So now I have several questions:
Is the controller responsible for verifying user input or is that done when the input is passed to the model (i.e. calling Identifier.TryParse on the openid_identifier)?
I want to allow the user login, change their information (i.e. the user_id) and view their information (i.e. user_id, open_id and last_login). How many models do I need (ModifyModel, DisplayModel and LogInModel)?
What is the lifetime of a model? Does the model exist somewhere statically or is it just created by the controller and passed to the view?
Would it be better to add the database as a model instead of making the above models?
1) It could be yes, but a better approach would be to use Data Annotations on the ViewModel.
2) One model will do. A model should represent an overall object, in this case a "User". If the information required for each View differs greatly, then seperate them out into View Models.
3) Not sure what you mean. MVC (and ASP.NET in general) is based on the HTTP protocol, and is thus stateless. So when you hit a URL, a Controller is assigned, then objects are newed up as the code requires it - this includes a database connection. Then when the request is finished, everything is gone (managed resources anyway). Try not to get confused with the word "model". It's not a physical entity, rather an area of your programming model.
4) Generally, your "model" is your Repository/DAL/ORM, which wraps your underlying database, and represents your domain model. Your View's shouldn't be concerned with the domain. That is the job of your Controller/Model. Your View should work with what it needs, and no more. This is why as a rule of thumb, never bind directly to an ORM model, use a ViewModel.
Edit - in response to questions in comments:
I'm sorry... for 1, Data Annotations suggest the validation is performed on the model, but OpenId.Identifier also provides some functions that can validate input (e.g. TryParse), so would it be more consistent to do all of the validation on the model or is the "place" of validation usually not that strict?
Put the Data Annotations on the ViewModel which are representations of the Model created to make life easier for the View. Data Annotations should not be put on your actual model entities (Entity Framework, L2SQL, etc). Data Annotations should be used for input validation (password comparing, length of characters, phone numbers, email addresses, etc). Business Validation should be done in the domain. I would say that OpenId is a service and not part of the domain. If they have some validation functions, you could wrap those calls in custom data annotations and place them on your ViewModel. That would be a clean and consistent approach.

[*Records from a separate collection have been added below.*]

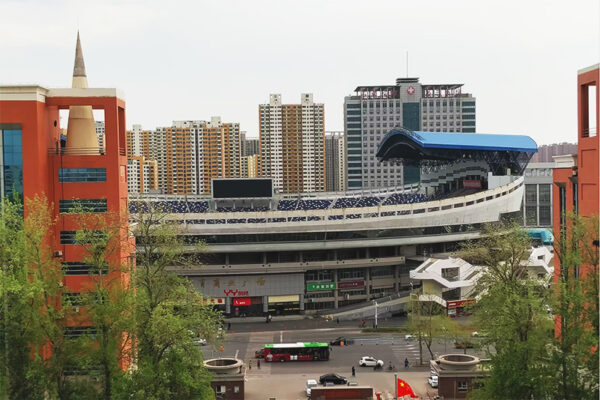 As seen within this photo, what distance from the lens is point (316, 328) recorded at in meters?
45.8

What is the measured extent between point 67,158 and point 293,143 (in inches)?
3194

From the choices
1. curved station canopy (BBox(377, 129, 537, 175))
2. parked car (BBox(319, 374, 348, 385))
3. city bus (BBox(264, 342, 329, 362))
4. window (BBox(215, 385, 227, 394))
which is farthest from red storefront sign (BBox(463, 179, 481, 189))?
window (BBox(215, 385, 227, 394))

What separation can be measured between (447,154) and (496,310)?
42.7 metres

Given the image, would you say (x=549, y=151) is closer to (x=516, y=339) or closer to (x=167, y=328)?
(x=516, y=339)

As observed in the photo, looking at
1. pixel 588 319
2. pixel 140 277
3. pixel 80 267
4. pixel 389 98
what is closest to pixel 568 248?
pixel 588 319

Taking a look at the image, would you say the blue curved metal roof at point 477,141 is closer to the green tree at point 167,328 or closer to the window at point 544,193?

For 3, I agree that the HTTP protocol is stateless, but if I understand correctly cookies are one way to maintain a state and the model provides an alternate way.
Your right, cookies are one way to maintain state. A common use for this is the Forms Authentication ticket. Another one is session. TempData uses Session (in a smart way - automatic ejection). The model is not an "alternate way" - it does not maintain state. Will talk more about that below.
In application programming a state (i.e. an object) is usually persistent throughout the lifetime of the application, so if I were to create a Model in a console app it would exist for as long as there is a reference to it. So when you say that the "objects are newed," does that mean that the Model object is already instantiated (like in a console app) and I just "update" it or does that mean that I construct a new Model?
In a console app - your right. As long as the console application is running, the objects are alive. But in a ASP.NET MVC Web Application, the "parent" is a ASP.NET Worker Thread, assigned when a request comes in. All of the required objects (controller, database connection, repository, domain objects) are "children" of this thread, if that makes sense. Once that thread is gone, so is all the related objects.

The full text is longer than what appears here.